300 Liter Regen fehlen
„Manche Brauerei wird verschwinden“: Bedrohte Hopfenernte in Spalt

25.08.2022 | Stand 25.08.2022, 20:53 Uhr

Zwischen Hopfengarten, weiterverarbeitenden Maschinen und Aussichten auf schlechte Ernteerträge: der Spalter Hopfenpflanzerverbandschef Friedrich Kolb (links), Geschäftsführer Wolfgang Jank (rechts), die Haunstettener Hopfenkönigin Nadine Meyer und ihre Spalter Amtskollegin Stefanie Pschera (mit Schärpen von links) mit Pflanzer Werner Krieglmeier und HVG-Chef Frank Braun (von links). Foto: Leykamm

Von Jürgen Leykamm

Hoffentlich ist dies kein schlechtes Zeichen für weitere Dürrejahre: Als Wolfgang Jank beim Pressegespräch zur diesjährigen Hopfenernte im Spalter Anbaugebiet zum Wasserglas greift, zerbricht dies in die sprichwörtlichen tausend Stücke. Der Geschäftsführer des hiesigen Pflanzerverbands bleibt zwar unverletzt, doch dessen Mitglieder klagen umso mehr über die zu erwartenden schwachen Erträge.

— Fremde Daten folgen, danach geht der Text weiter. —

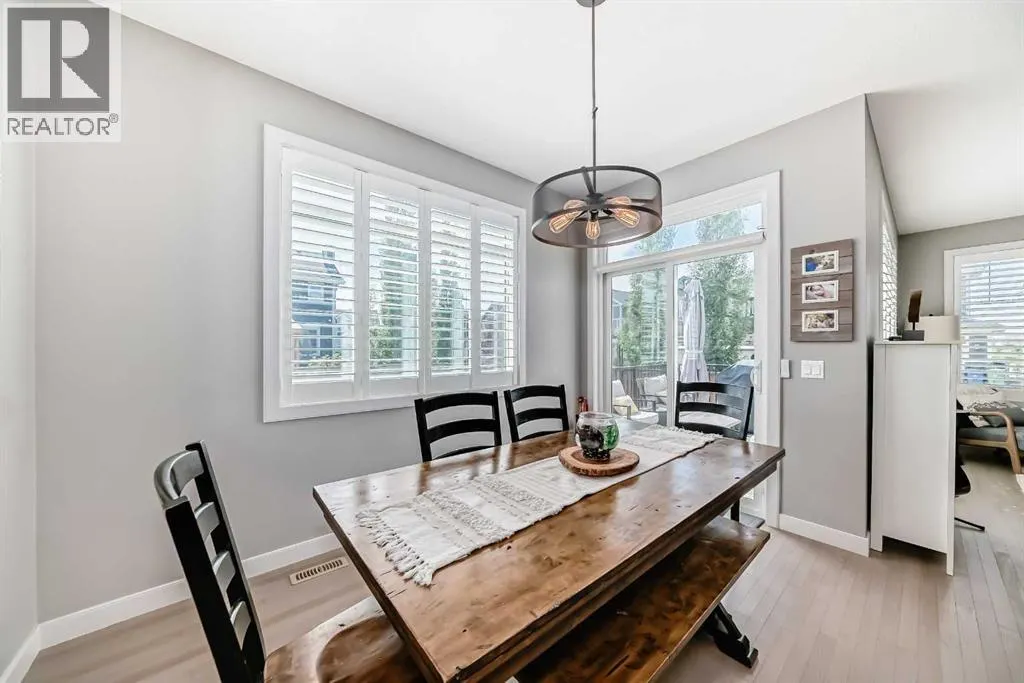 100 Sundown Grove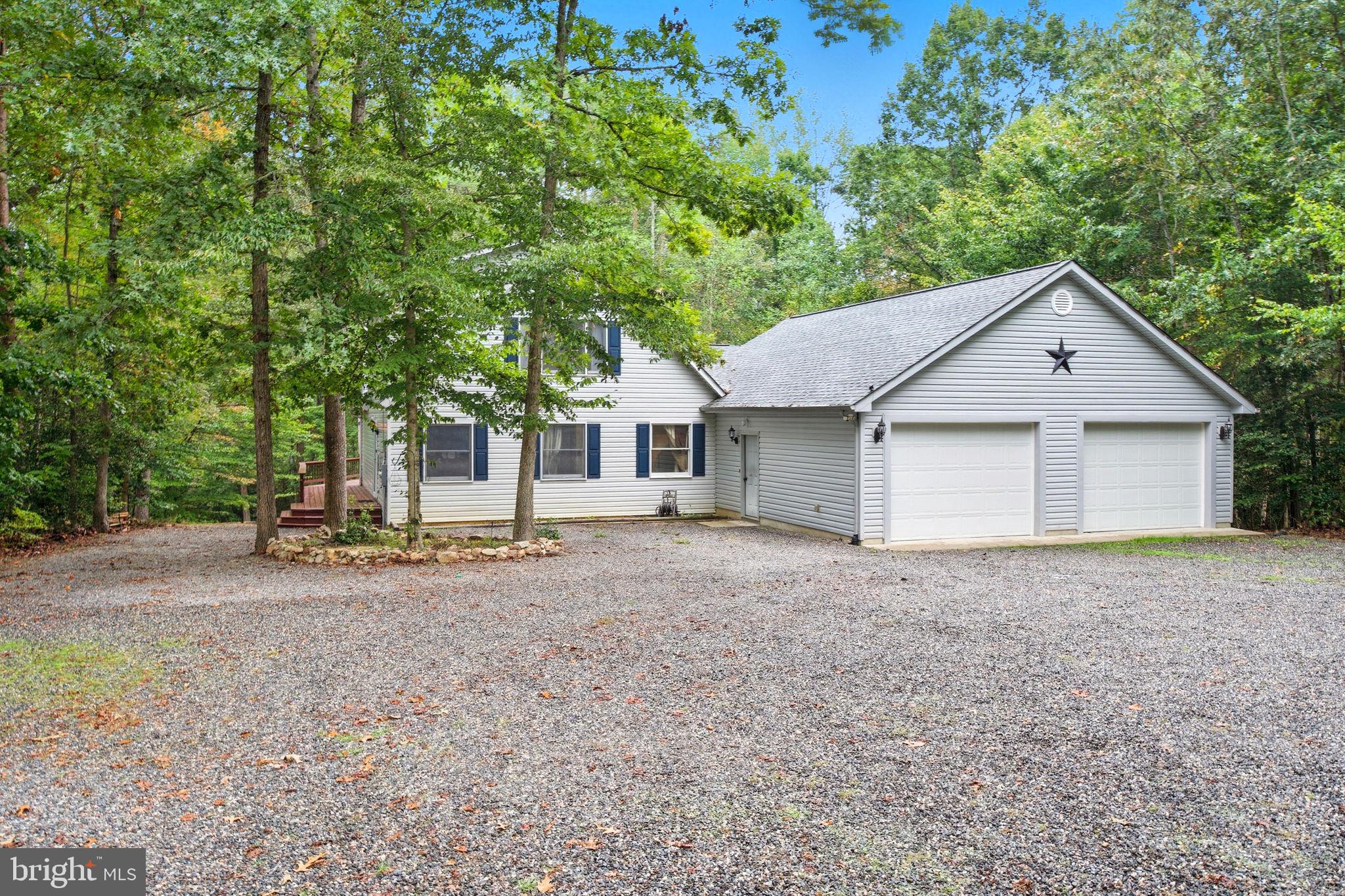 TALL PINES - Residential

So kam es am Mittwoch beim Pressetermin auf dem Hof von Werner Krieglmeier im Beilngrieser Ortsteil Wiesenhofen zur Sprache. Mit seinem Betrieb ist Krieglmeier eigentlich eine Ausnahmeerscheinung des Spalter Anbaugebiets ist, das von Hersbruck bis in den Kindinger Raum reicht. Verfügt der Wiesenhofener Pflanzer doch über eine Anbaufläche von 56 Hektar. Das ist mehr als das Sechsfache des durchschnittlichen Werts im Spalter Anbaugebiets und knapp das Dreifache des deutschlandweit üblichen Werts. Ebenfalls statistisch auffällig ist, dass in der Anbauregion Spalt immer weniger Hopfenbauern (derzeit noch 44) eine immer größer werdende Gesamtfläche bewirtschaften (410 Hektar).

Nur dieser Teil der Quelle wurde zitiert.